The light guide plate 80 has the shape of a rectangular flat plate and is made of, for example, acrylic. The dimension of the rear face of the light guide plate 80 is substantially the same with the dimension of the reflection sheet 70. The long side of the reflection sheet 70 and the light guide plate 80 is somewhat shorter than the long side of the heat dissipation plate 50.

The reflection member 90 includes a sandwiched member 91 and a fitting member 92. The sandwiched member 91 is a member sandwiched between the heat dissipation plate 50 and the lower edge of the light guide plate 80, and has a shape extending in the long side direction of the heat dissipation plate 50. The fitting member 92 is a member which is fitted onto the lower ends of the heat dissipation plate 50, LED substrate 62, reflection sheet 70 and light guide plate 80 that are in the layered state, and which has a shape extending in the long side direction of the heat dissipation plate 50. The sandwiched member 91 and fitting member 92 have a length substantially the same as the length of the long side of the reflection sheet 70, the light guide plate 80 and the LED substrate 62, which is somewhat shorter than the long side of the heat dissipation plate 50. The sandwiched member 91 and the fitting member 92 are made of, for example, polycarbonate with a high reflectance.
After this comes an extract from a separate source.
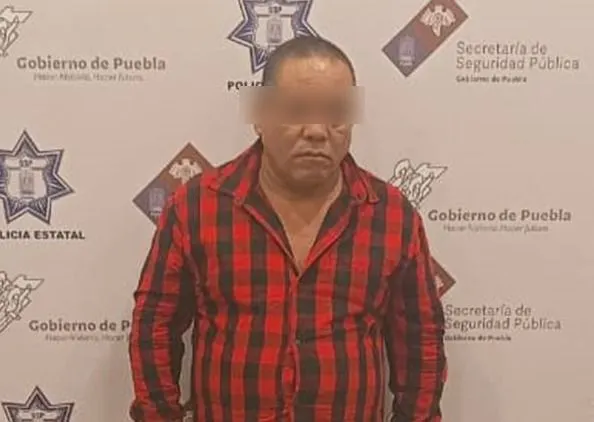 SSP Puebla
On the rear face of the sandwiched member 91, a boss 911 protrudes therefrom, which is to be fitted into the through hole 55 formed at the upper shelf 53 of the heat dissipation plate 50. The upper part of the sandwiched member 91 is attached to the upper shelf 53 of the heat dissipation plate 50 while the boss 911 is aligned with the through hole 55 so as to be fitted therein.

A step in the front-back direction is molded at the upper part on the front face of the sandwiched member 91, and an upper shelf 912 and a lower shelf 913 are formed with the step being the boundary thereof (see FIG. 3). Each of the upper shelf 912 and lower shelf 913 seen from the front side has a long and narrow rectangular shape extending in the long side direction of the heat dissipation plate 50. The height of the step between the upper shelf 912 and the lower shelf 913 substantially corresponds to the thickness of the reflection sheet 70.

FIG. 3 illustrates the internal structure of the lower end of the backlight 40. In FIG. 3, the left side represents the front side of the liquid crystal panel module 10 and the right side represents the rear side of the liquid crystal panel module 10. That is, in the liquid crystal panel module 10, the liquid crystal panel 20 is arranged to face the left side of the backlight 40 in FIG. 3. The illustration of FIG. 3 is drawn by combining a side section view passing through the substantial center of the screw 100 and screw hole 54, and a side section view passing through the substantial center of the through hole 55 and boss 911.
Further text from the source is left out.